The conflation of those two negative elements is equally well-codified within our perception of musicians: “the 27 club,” genre-defining musicians who were killed by substance abuse far too soon, and then celebrated for doing so, musicians crushed underfoot by the pressures of their vulnerability, choosing to take their own life, and so on. These are not mutually exclusive, and one element certainly portends to the others - and this horrid list is hardly even exhaustive.
There are people for whom the above will never be an issue, and then there are people for whom the above will only ever be an issue. It is easy to be in the latter group, hoping to assume the strength of the former – but it is easier to reject the game outright. I’m not particularly happy to celebrate one year of sobriety today, but I would rather publicly stand for that in the hopes that some other person at some time would maybe see it and perhaps be empowered to choose life, than, in my silence, allow this already disparate group of survivors, to which I belong, live in that pressured solitude, which crushes underfoot so quickly and easily.

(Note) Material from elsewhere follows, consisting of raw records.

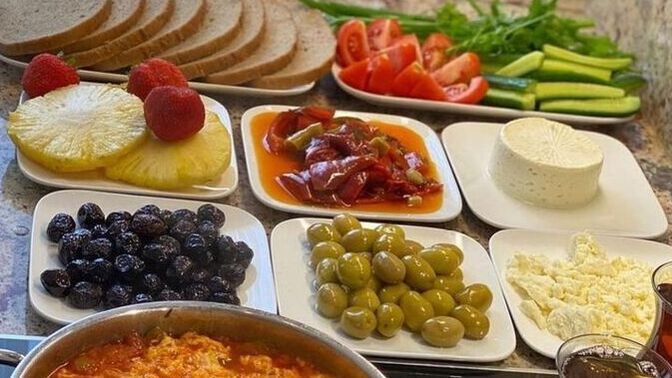 Kahvaltıda akşamdan kalma yemek yemek sağlıklı mı, siz yiyor musunuz 😅?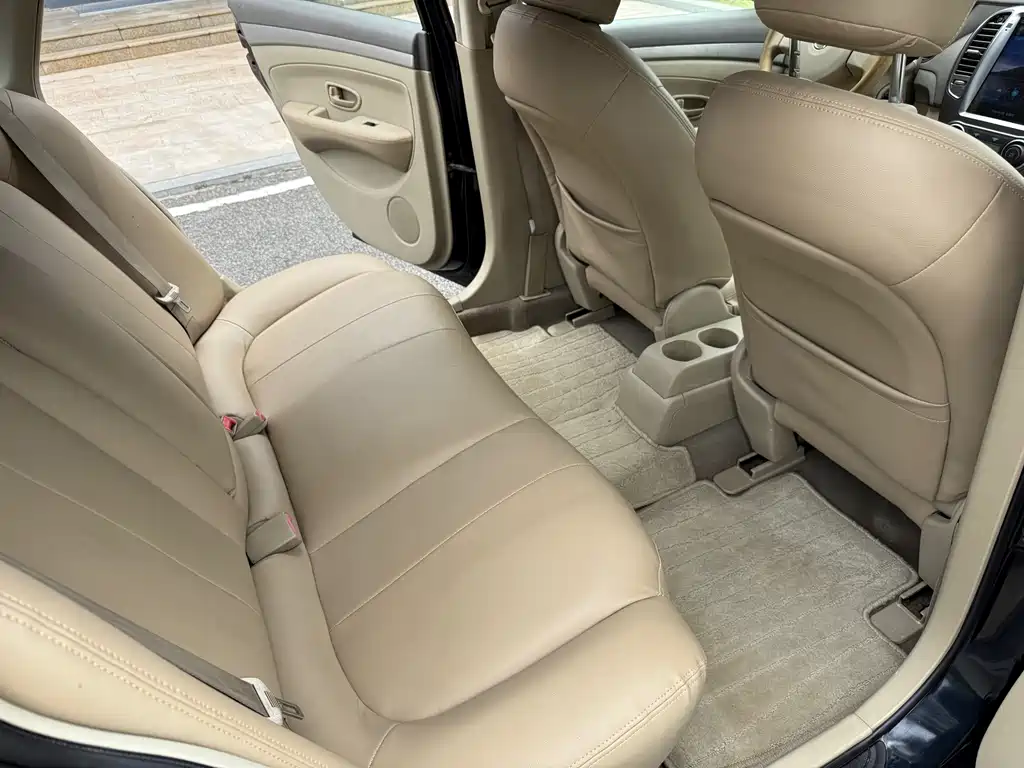 Nissan Sylphy 2013 — фото 11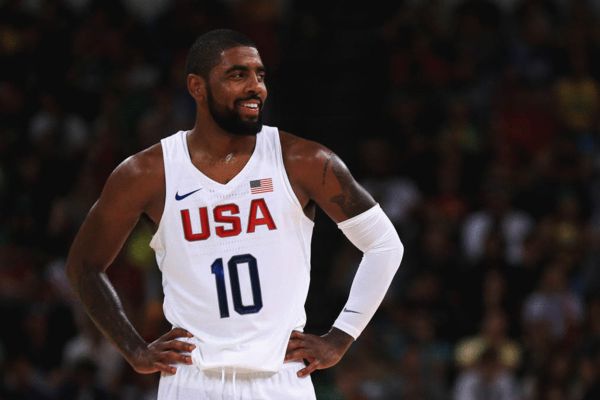 在球场上形 在球场上形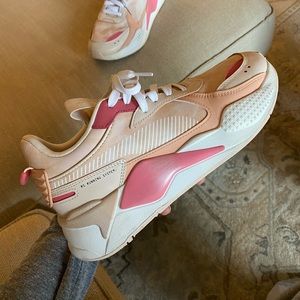 Woman’s Puma Sneakers Size 9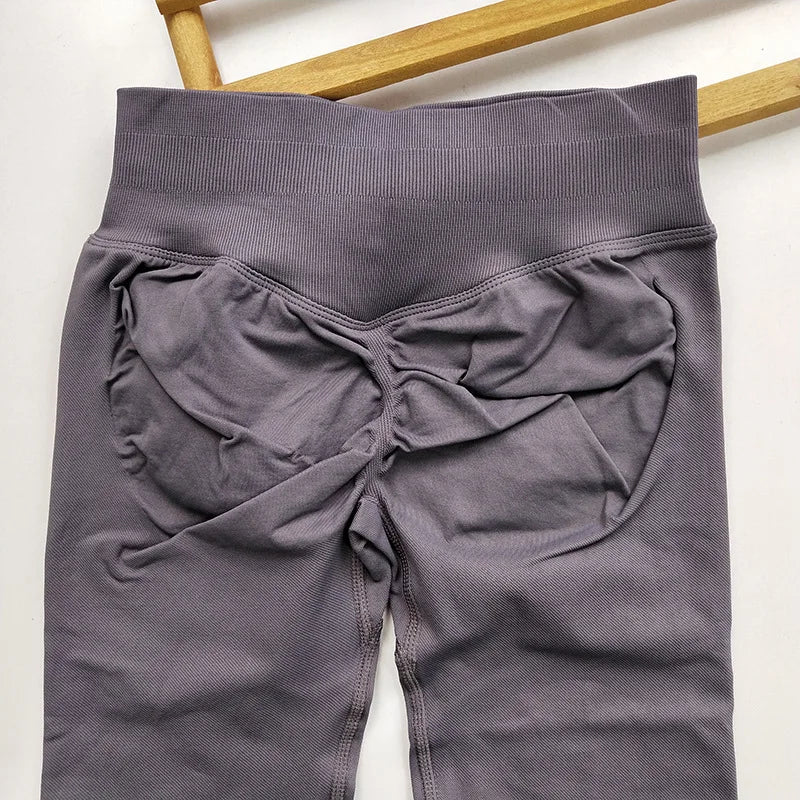 Women's Scrunch Capri Leggings For Workout Outfits And Layering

Philip K. Dick ends “A Scanner Darkly” with a sombre eulogy for “some people who were punished entirely too much for what they did.” The dead should, if possible, be used to serve the purposes of the living, and so for me (and for nobody else, as it is my personal choice relating only to myself, with no judgement upon the way anyone else lives, or chooses to live), with a heart full of dead friends and heroes, it seems better to steer clear outright. When the consequences for losing are so severe, it is better to win; it is easy to win, and anybody can win.